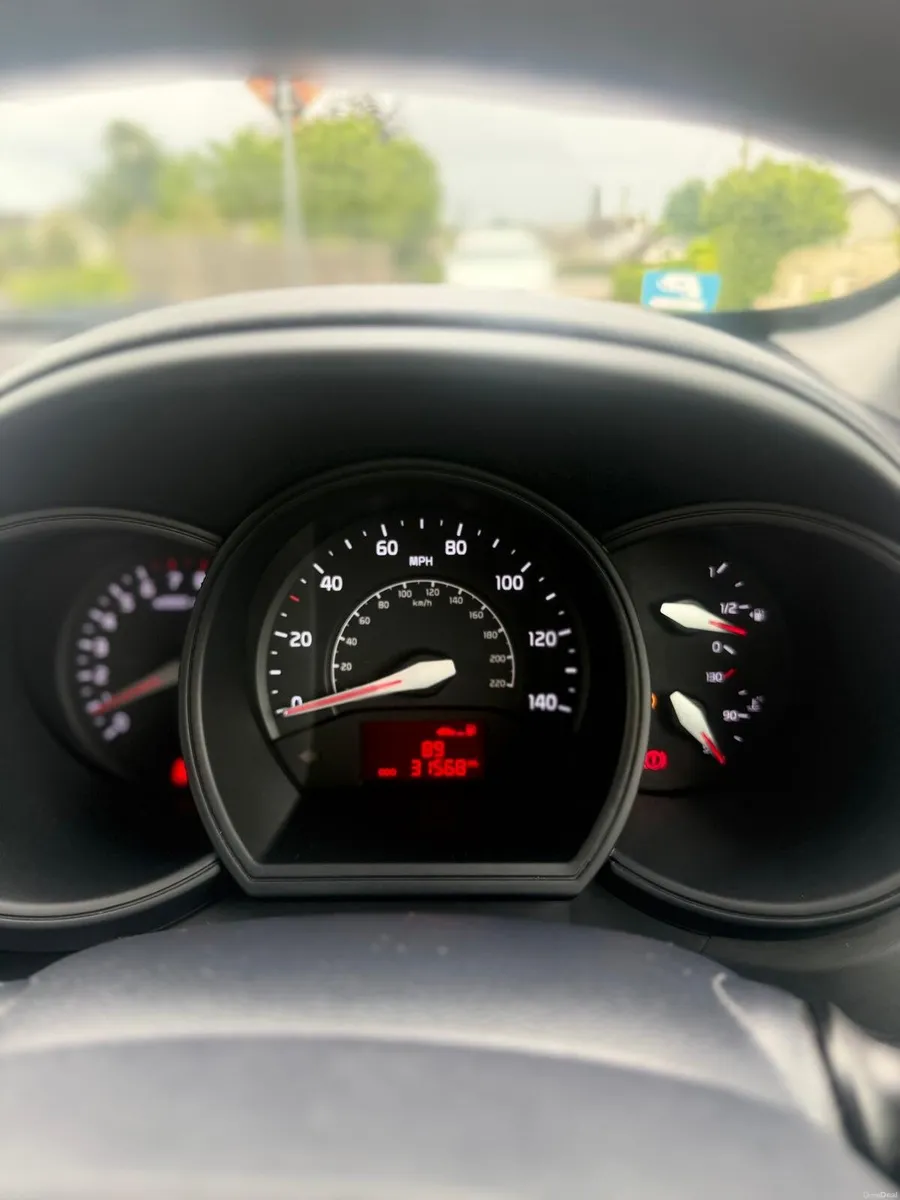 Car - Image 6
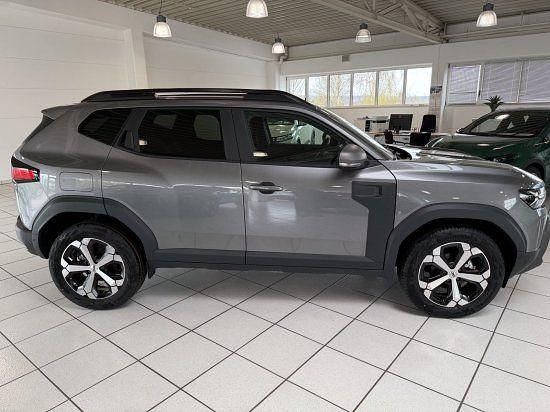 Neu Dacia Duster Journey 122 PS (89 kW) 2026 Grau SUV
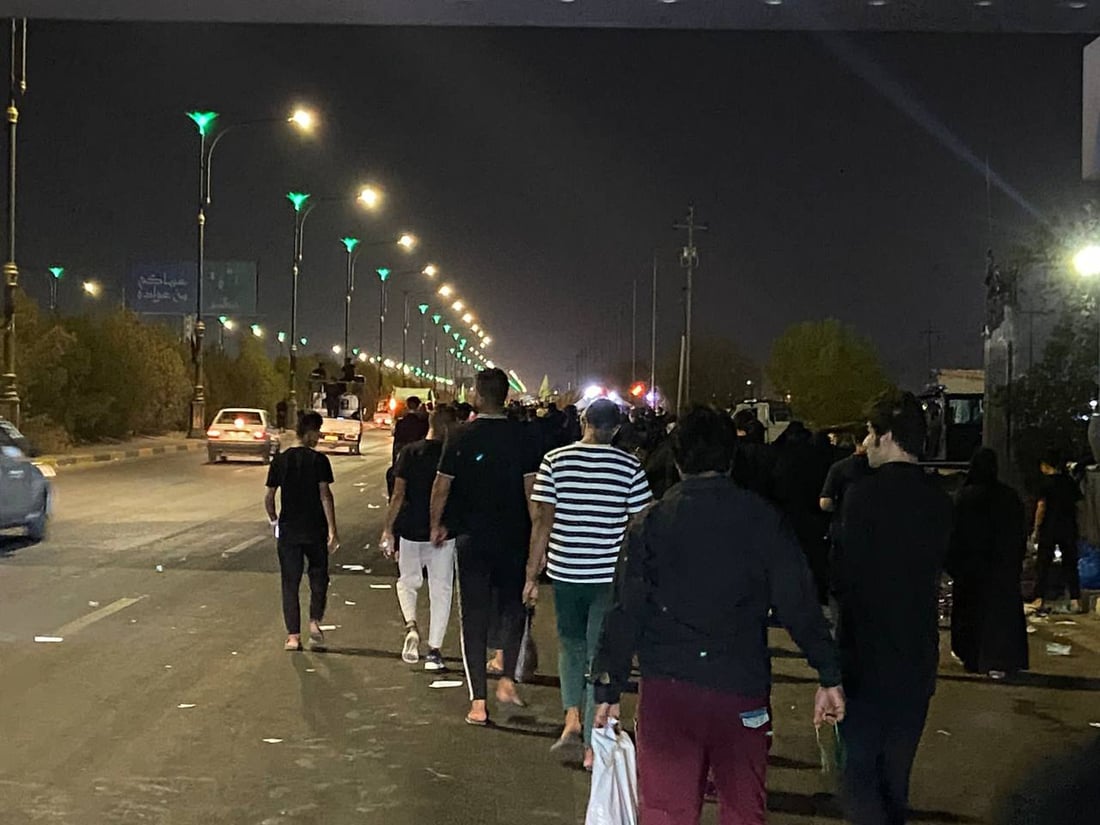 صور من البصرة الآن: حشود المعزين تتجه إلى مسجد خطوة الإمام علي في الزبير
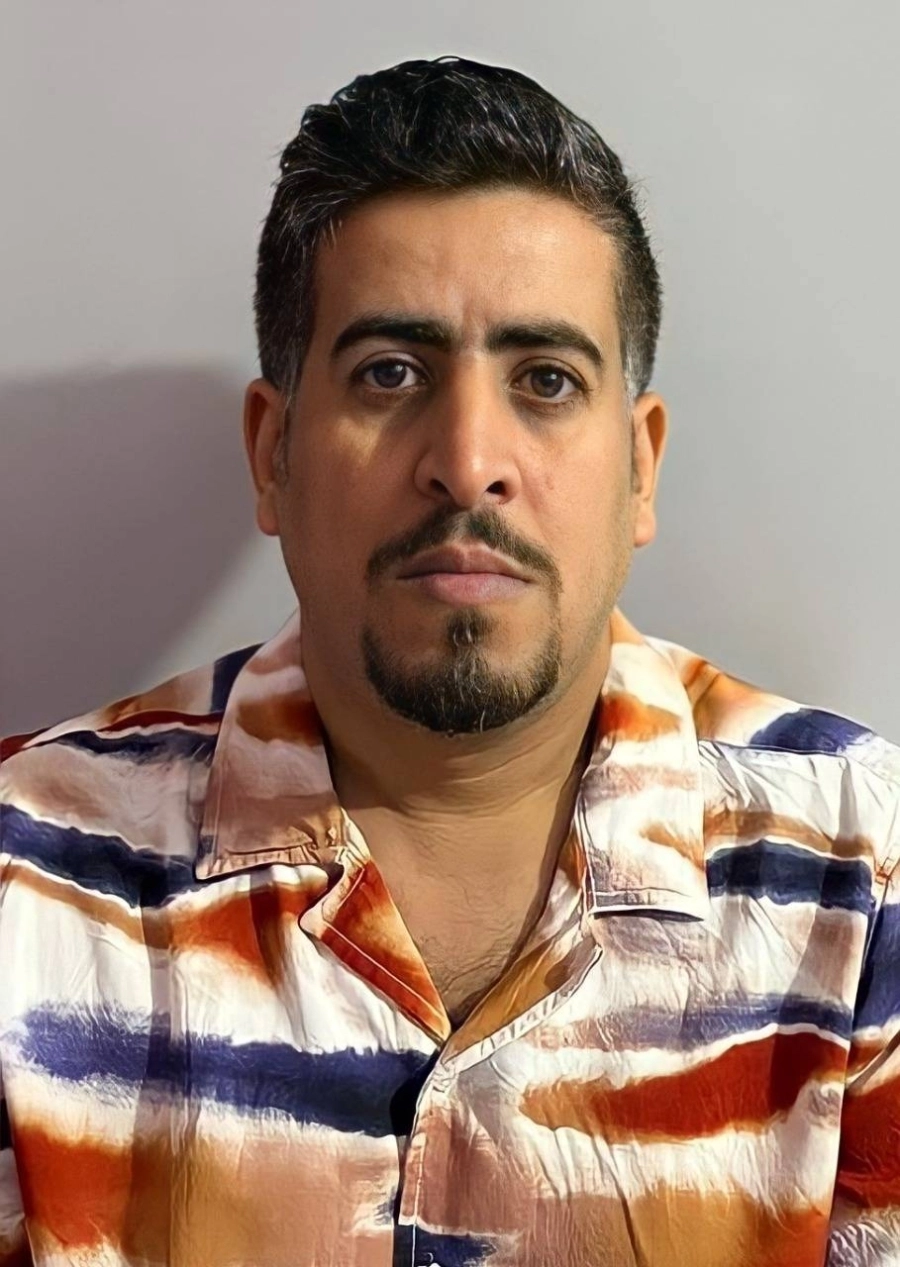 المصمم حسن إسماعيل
--
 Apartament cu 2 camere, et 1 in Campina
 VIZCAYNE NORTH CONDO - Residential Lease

What is needed:
Look above for the line with "صور من البصرة" and the line with "المصمم حسن إسماعيل". Output those two and everything between them exactly, pictures excluded.

Answer to the problem:
 صور من البصرة الآن: حشود المعزين تتجه إلى مسجد خطوة الإمام علي في الزبير
 المصمم حسن إسماعيل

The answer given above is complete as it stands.